→ **Task prompt**: In full and without change, retype the records.

(Saved entries)
# # #
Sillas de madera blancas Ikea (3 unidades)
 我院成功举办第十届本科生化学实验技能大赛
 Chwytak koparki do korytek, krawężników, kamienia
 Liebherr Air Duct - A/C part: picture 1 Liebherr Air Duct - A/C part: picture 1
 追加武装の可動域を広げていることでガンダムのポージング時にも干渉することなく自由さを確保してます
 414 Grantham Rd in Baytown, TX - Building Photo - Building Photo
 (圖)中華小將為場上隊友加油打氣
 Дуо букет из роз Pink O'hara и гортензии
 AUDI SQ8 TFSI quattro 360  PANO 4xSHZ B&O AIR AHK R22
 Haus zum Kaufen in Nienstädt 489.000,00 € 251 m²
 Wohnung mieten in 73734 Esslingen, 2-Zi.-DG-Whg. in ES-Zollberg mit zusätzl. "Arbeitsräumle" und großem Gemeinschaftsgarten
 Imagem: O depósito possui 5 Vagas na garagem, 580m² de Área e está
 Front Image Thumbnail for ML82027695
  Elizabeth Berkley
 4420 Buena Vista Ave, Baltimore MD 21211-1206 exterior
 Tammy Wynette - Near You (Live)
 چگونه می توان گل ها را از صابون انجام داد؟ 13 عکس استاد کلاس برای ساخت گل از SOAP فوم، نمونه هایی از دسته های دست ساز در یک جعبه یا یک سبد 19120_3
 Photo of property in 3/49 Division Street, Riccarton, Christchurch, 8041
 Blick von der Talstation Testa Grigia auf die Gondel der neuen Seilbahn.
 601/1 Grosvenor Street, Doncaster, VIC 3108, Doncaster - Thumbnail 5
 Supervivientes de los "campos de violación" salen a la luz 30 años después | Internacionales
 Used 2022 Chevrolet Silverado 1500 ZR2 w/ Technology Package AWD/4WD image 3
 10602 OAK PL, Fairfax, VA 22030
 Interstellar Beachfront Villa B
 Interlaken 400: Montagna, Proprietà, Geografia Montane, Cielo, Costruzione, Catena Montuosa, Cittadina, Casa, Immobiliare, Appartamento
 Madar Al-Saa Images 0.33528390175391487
# # #
→ **Result below**:
Sillas de madera blancas Ikea (3 unidades)
 我院成功举办第十届本科生化学实验技能大赛
 Chwytak koparki do korytek, krawężników, kamienia
 Liebherr Air Duct - A/C part: picture 1 Liebherr Air Duct - A/C part: picture 1
 追加武装の可動域を広げていることでガンダムのポージング時にも干渉することなく自由さを確保してます
 414 Grantham Rd in Baytown, TX - Building Photo - Building Photo
 (圖)中華小將為場上隊友加油打氣
 Дуо букет из роз Pink O'hara и гортензии
 AUDI SQ8 TFSI quattro 360  PANO 4xSHZ B&O AIR AHK R22
 Haus zum Kaufen in Nienstädt 489.000,00 € 251 m²
 Wohnung mieten in 73734 Esslingen, 2-Zi.-DG-Whg. in ES-Zollberg mit zusätzl. "Arbeitsräumle" und großem Gemeinschaftsgarten
 Imagem: O depósito possui 5 Vagas na garagem, 580m² de Área e está
 Front Image Thumbnail for ML82027695
  Elizabeth Berkley
 4420 Buena Vista Ave, Baltimore MD 21211-1206 exterior
 Tammy Wynette - Near You (Live)
 چگونه می توان گل ها را از صابون انجام داد؟ 13 عکس استاد کلاس برای ساخت گل از SOAP فوم، نمونه هایی از دسته های دست ساز در یک جعبه یا یک سبد 19120_3
 Photo of property in 3/49 Division Street, Riccarton, Christchurch, 8041
 Blick von der Talstation Testa Grigia auf die Gondel der neuen Seilbahn.
 601/1 Grosvenor Street, Doncaster, VIC 3108, Doncaster - Thumbnail 5
 Supervivientes de los "campos de violación" salen a la luz 30 años después | Internacionales
 Used 2022 Chevrolet Silverado 1500 ZR2 w/ Technology Package AWD/4WD image 3
 10602 OAK PL, Fairfax, VA 22030
 Interstellar Beachfront Villa B
 Interlaken 400: Montagna, Proprietà, Geografia Montane, Cielo, Costruzione, Catena Montuosa, Cittadina, Casa, Immobiliare, Appartamento
 Madar Al-Saa Images 0.33528390175391487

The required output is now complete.